You were looking at high levels of waiting for treatment. Prior to the pandemic around February
2020, that was already about 4.43 million people who were on a waiting list for care. It'll come as
no surprise that over the course of the pandemic that got progressively worse. But after the pandemic,
despite a lot of efforts to rebuild and recover and cut those waiting lists, we're now at record
levels of around 7.42 million people waiting for treatment. And those are according to the
figures for April 2023, so really the most recent ones. About 3 million people of that 7 million
total are waiting over 18 weeks. And around 371,000 of those patients have been waiting over a year.
And that's just short of 300 times as many as March 2019. So with those figures, you can get a
rough idea that things have really, really gone downhill quite rapidly over the course of a couple
of years. And that comes, like I said, despite the attempts to recover that backlog from the pandemic.
Those promises from the government have been profoundly hamstrung by NHS strikes. One goes
in hand with the other at the moment, really. We've seen at least half a million postponements
already from the last sort of five or so months of strikes. Junior doctors have just gone and
strike again this week and vowed to do so every month until 2024 if they can re-ballot and get
a new mandate to extend. Another one that I think of, another issue that I think of often,
is the crisis of staffing and social care. A lot of the problems that are
happening within the NHS, so people waiting on wards who are medically well enough to be
released. And that causes queues within A&E because there's no beds available because you have these
people who are physically fine enough to be discharged. But then they've got nowhere in
social care to go. There's no staffing within care homes, so look after them. There's no
social care staff within the community to do home visits twice a week. And
there's a major issue there which is causing a huge knock-on effect within the NHS. And I think
if we're to solve this kind of crisis within the NHS, you have to take all of the kind of
sectors which feed into it, so for example, social care, and tackle those issues as well.
Then there is housing.
A very good morning to you. The top stories from Sky News live here in the city of London.

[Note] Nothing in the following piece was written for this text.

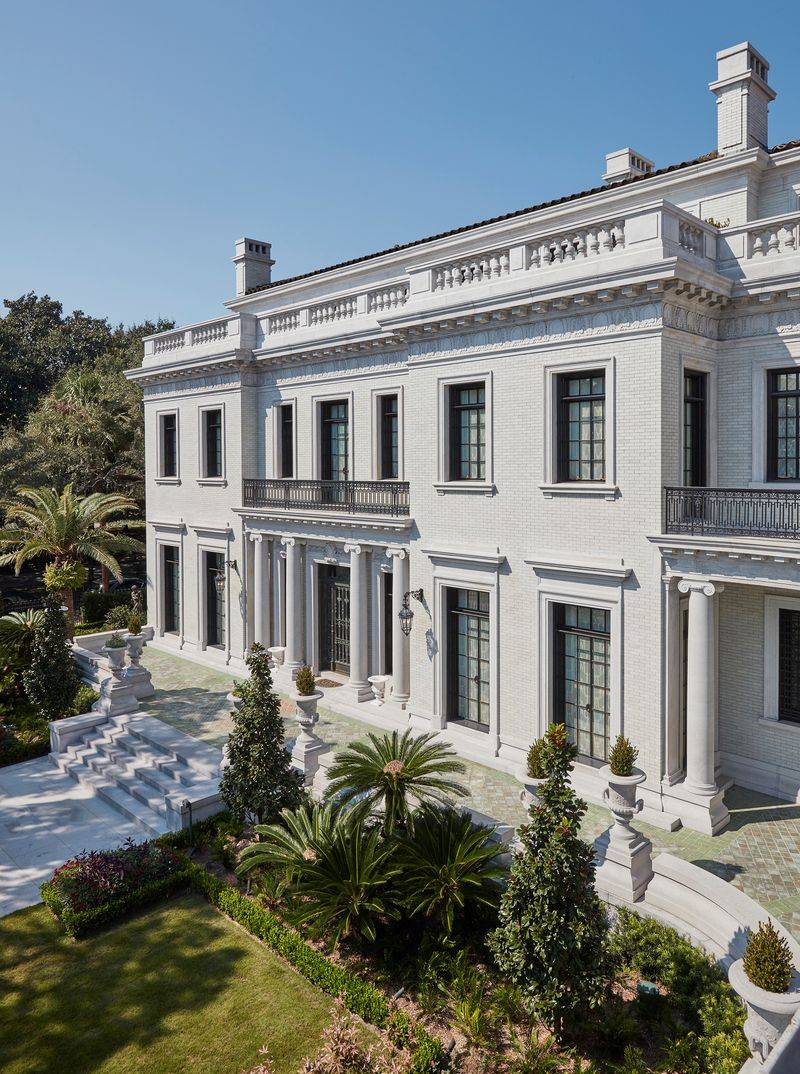 These Georgia Airbnbs Turn A Cozy Getaway Into A Movie-Like Escape - Decor Hint The Armstrong Kessler Mansion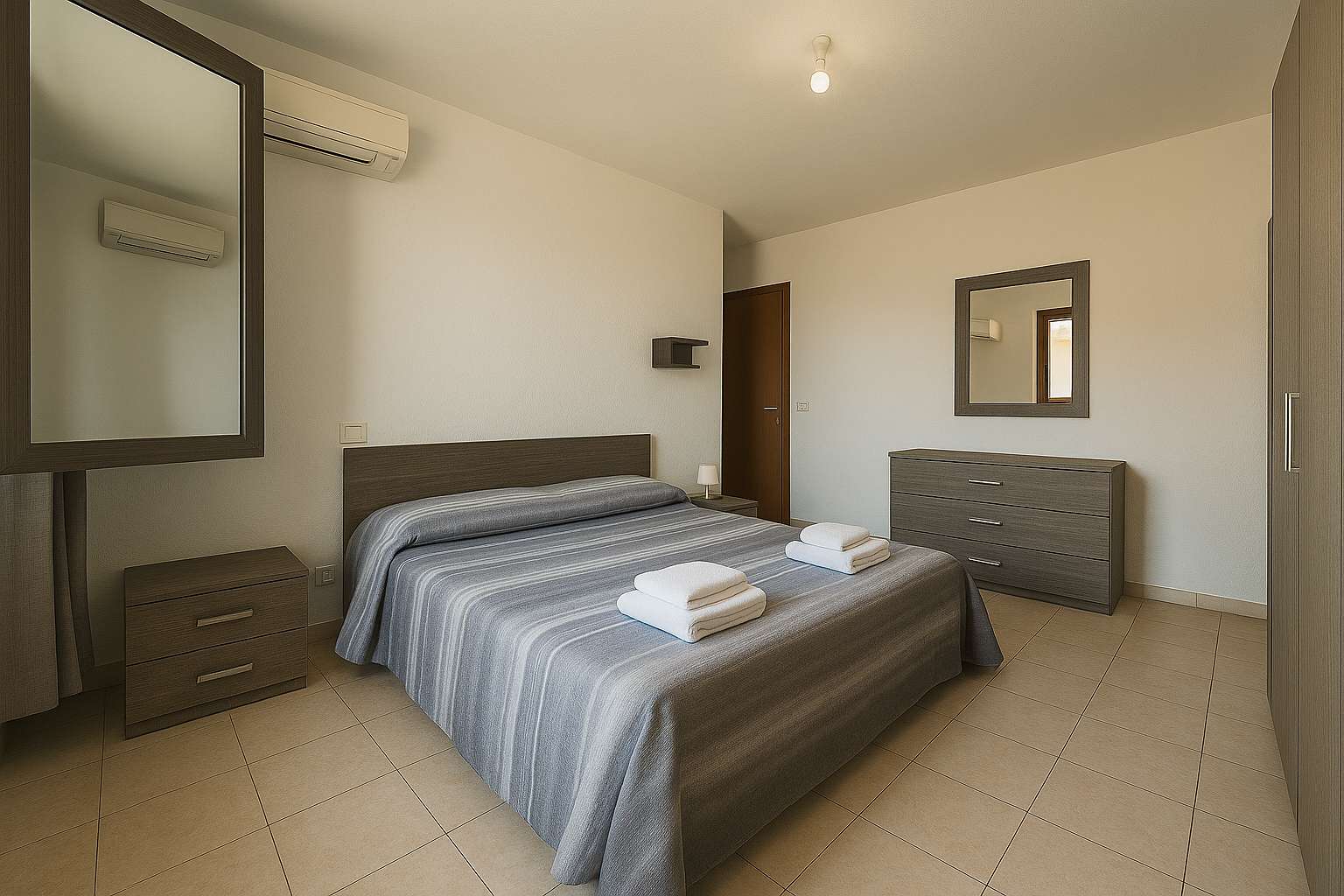 Zweites Doppelzimmer mit Kommode, Spiegel und Klimaanlage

House price growth slips back in May as new research suggests arranging a mortgage is
becoming harder for many people. On every front, the housing crisis is lacerating Tory fortunes.
Rents continue to skyrocket. Higher mortgage rates are crushing many families in an already
dire cost of living crisis. In many cases, again, Tory voters. Data from two weeks ago
showed mortgage lending at a record low. And in the last few months, a little reported story,
new private house building plummeted by 51% compared to a year ago, and a 39% below the
three months to March. Analysts are warning the housing industry, the building industry,
is suffering a protracted depression. There looks to be no danger whatsoever of the government
coming anywhere near its manifesto commitment to build 300,000 homes a year. And then, just a
couple of weeks ago, again, obscured by Johnson, the news that new house building approvals have
plummeted to a 15-year low after conservative changes to planning laws. So losing older voters
through losing control of interest rates and mortgage payments, losing younger ones with no
hope of getting on the housing ladder, another electoral vice. Vicki Spratt is housing correspondent
for the Iron Newspaper. Something that I think was perhaps missed amongst all of the political
tumult of the last few weeks is the latest housing figures in terms of completions and new
starts, which were way down on where they ought to have been. Absolutely. 15-year low. I think
it's really, really worrying. The Conservative Party seems to constantly be in some sort of
turmoil or distracted by bad behavior of one of its members. And honestly, the housing crisis
goes from bad to worse, and they seem to do very, very little about it. And the fact that we are
not building enough homes, particularly not building enough truly affordable social homes,
is about to become a really big problem. Why is that? Because I'm sure everybody listening
has noticed that interest rates are rising. Mortgage rates are expected to go past 6%,
which is going to cause a lot of pain. We don't have enough affordable homes for people to live in.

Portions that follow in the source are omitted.